**Information provided**
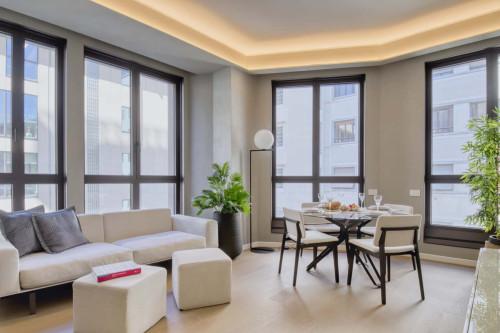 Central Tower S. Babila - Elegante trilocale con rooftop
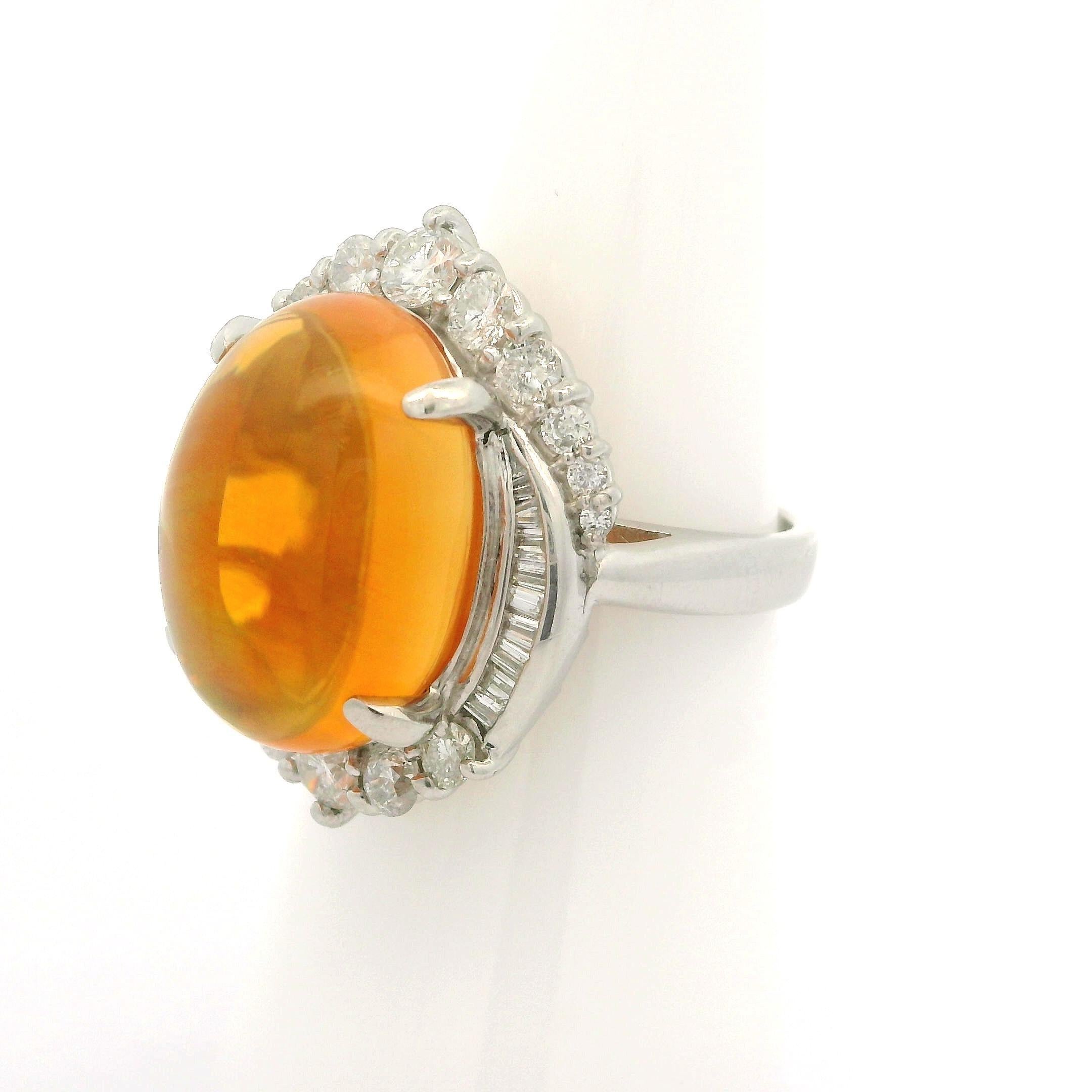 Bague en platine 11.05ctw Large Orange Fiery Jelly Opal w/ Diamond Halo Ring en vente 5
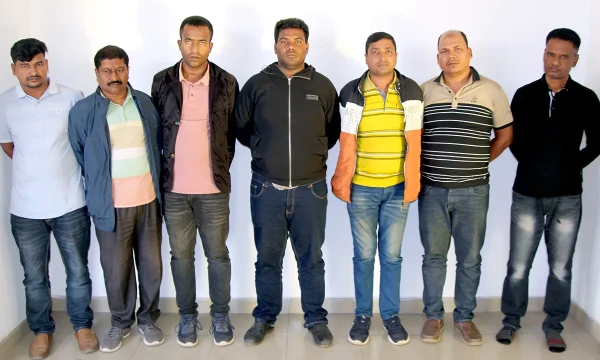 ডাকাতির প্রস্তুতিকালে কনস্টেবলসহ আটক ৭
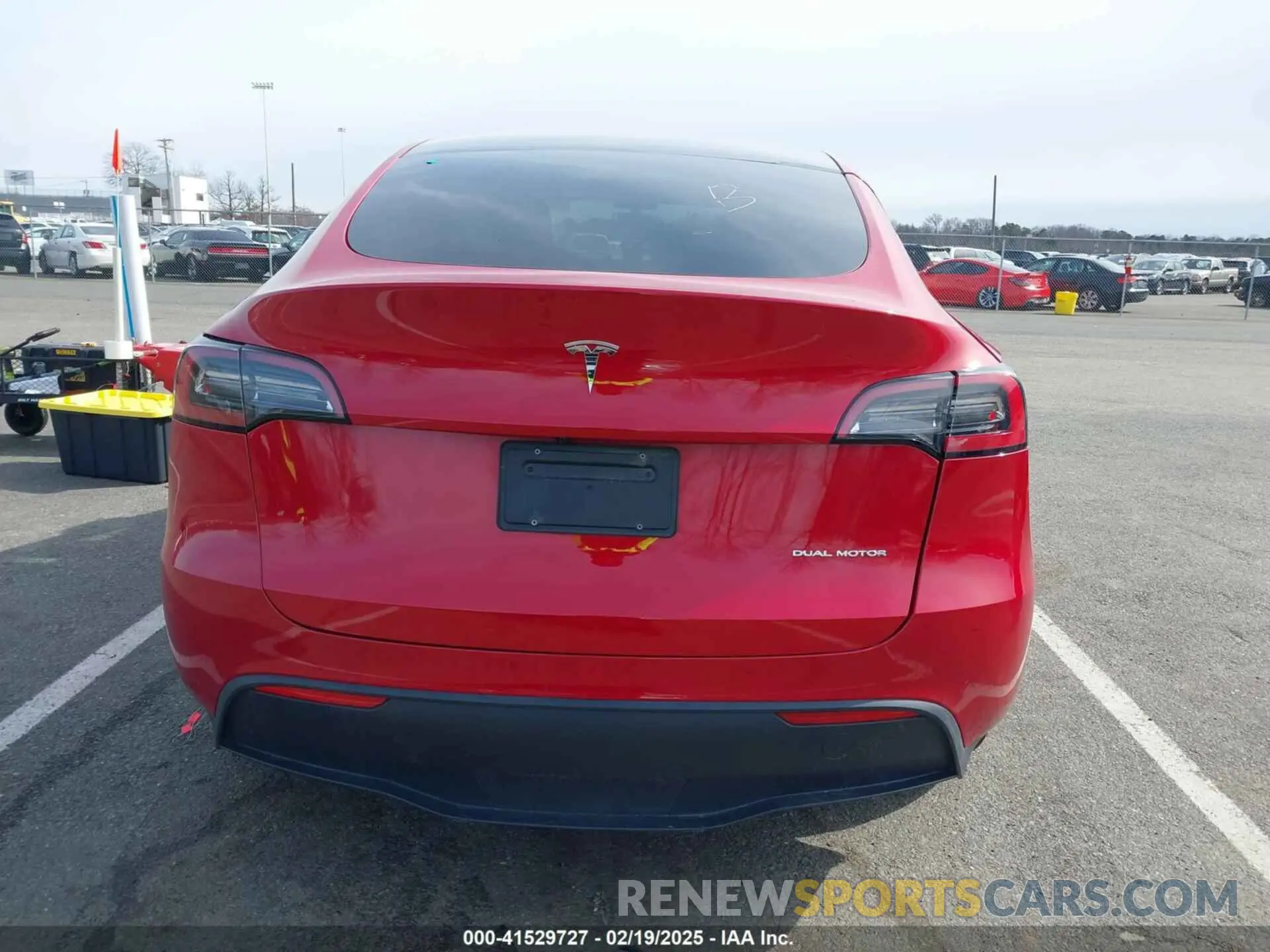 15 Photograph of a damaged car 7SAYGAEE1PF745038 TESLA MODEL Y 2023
==
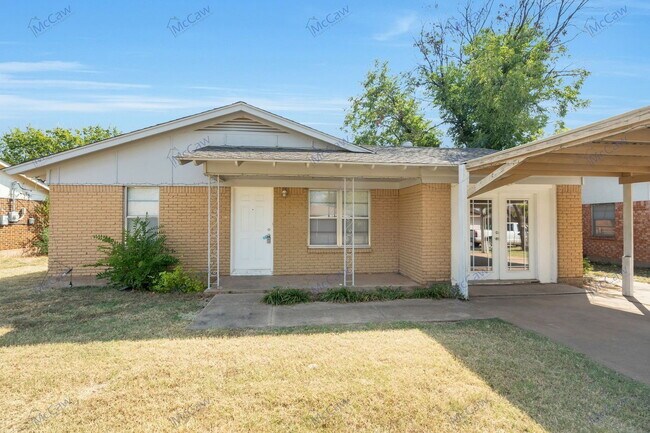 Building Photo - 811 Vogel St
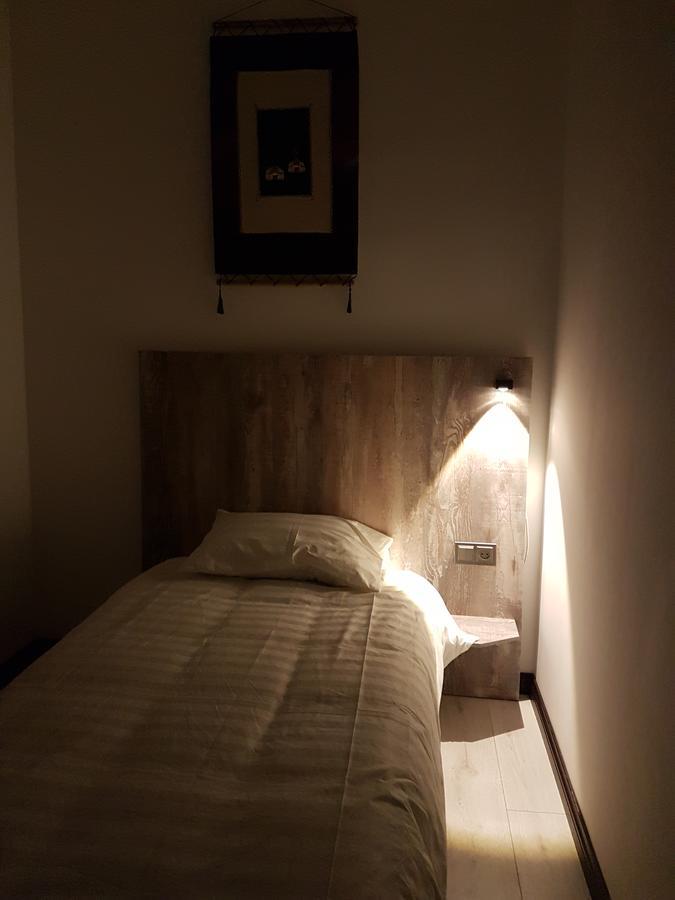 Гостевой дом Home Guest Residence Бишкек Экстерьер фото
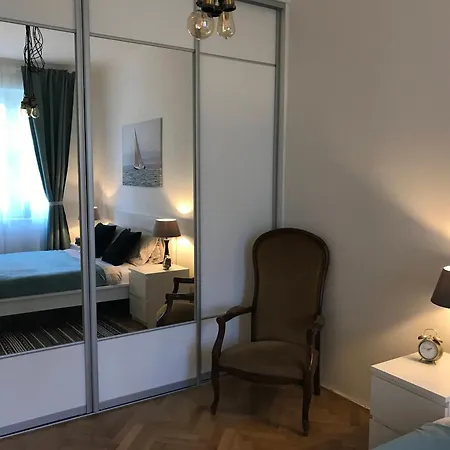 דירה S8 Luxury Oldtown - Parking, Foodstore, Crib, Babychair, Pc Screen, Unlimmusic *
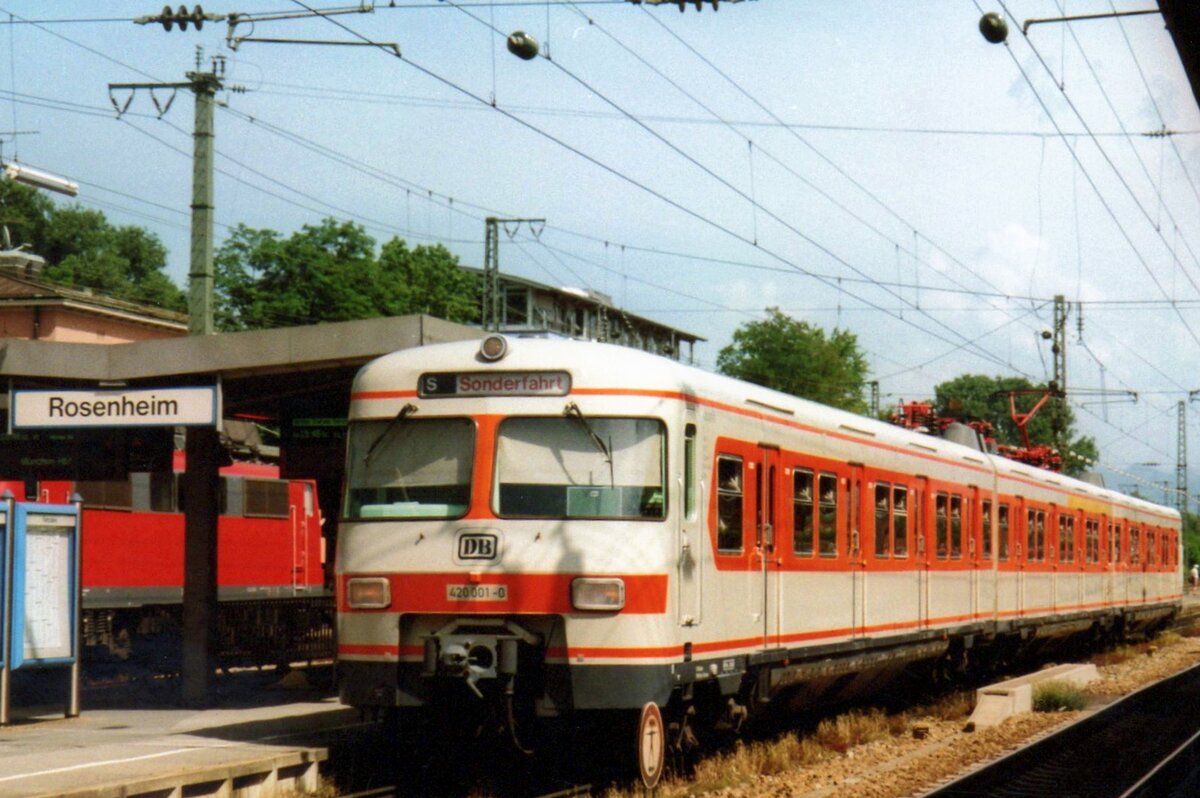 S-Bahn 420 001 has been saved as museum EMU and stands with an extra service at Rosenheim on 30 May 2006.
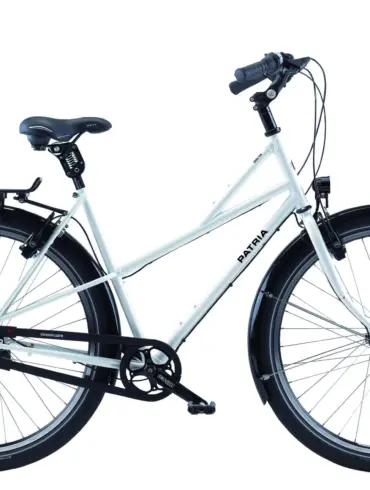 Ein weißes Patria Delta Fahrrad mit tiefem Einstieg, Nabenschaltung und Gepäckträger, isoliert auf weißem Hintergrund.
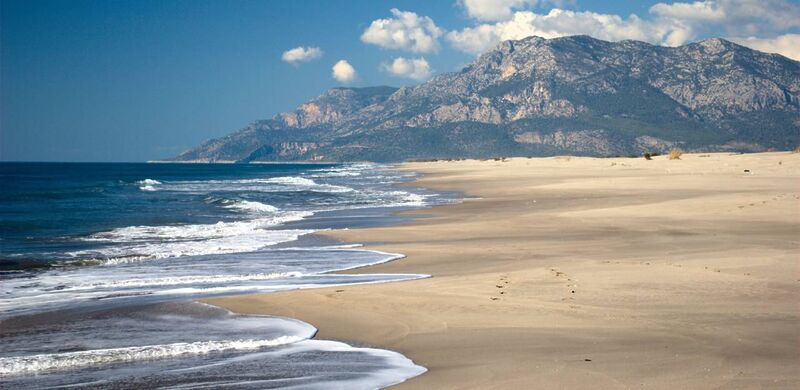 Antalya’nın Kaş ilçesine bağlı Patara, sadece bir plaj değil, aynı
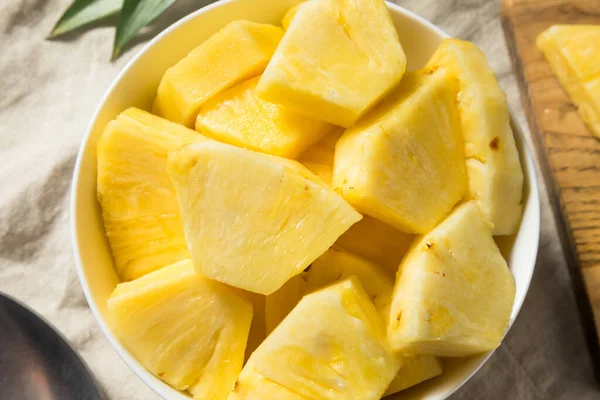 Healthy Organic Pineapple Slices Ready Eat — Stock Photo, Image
* * *
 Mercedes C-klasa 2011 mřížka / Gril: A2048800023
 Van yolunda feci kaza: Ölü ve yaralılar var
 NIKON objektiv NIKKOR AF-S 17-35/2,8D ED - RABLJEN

**Exercise goal**
Copy nothing but the lines above that run from the one with "Central Tower S." to the one with "15 Photograph of", ends included; pictures stay out.

**Written response**
 Central Tower S. Babila - Elegante trilocale con rooftop
 Bague en platine 11.05ctw Large Orange Fiery Jelly Opal w/ Diamond Halo Ring en vente 5
 ডাকাতির প্রস্তুতিকালে কনস্টেবলসহ আটক ৭
 15 Photograph of a damaged car 7SAYGAEE1PF745038 TESLA MODEL Y 2023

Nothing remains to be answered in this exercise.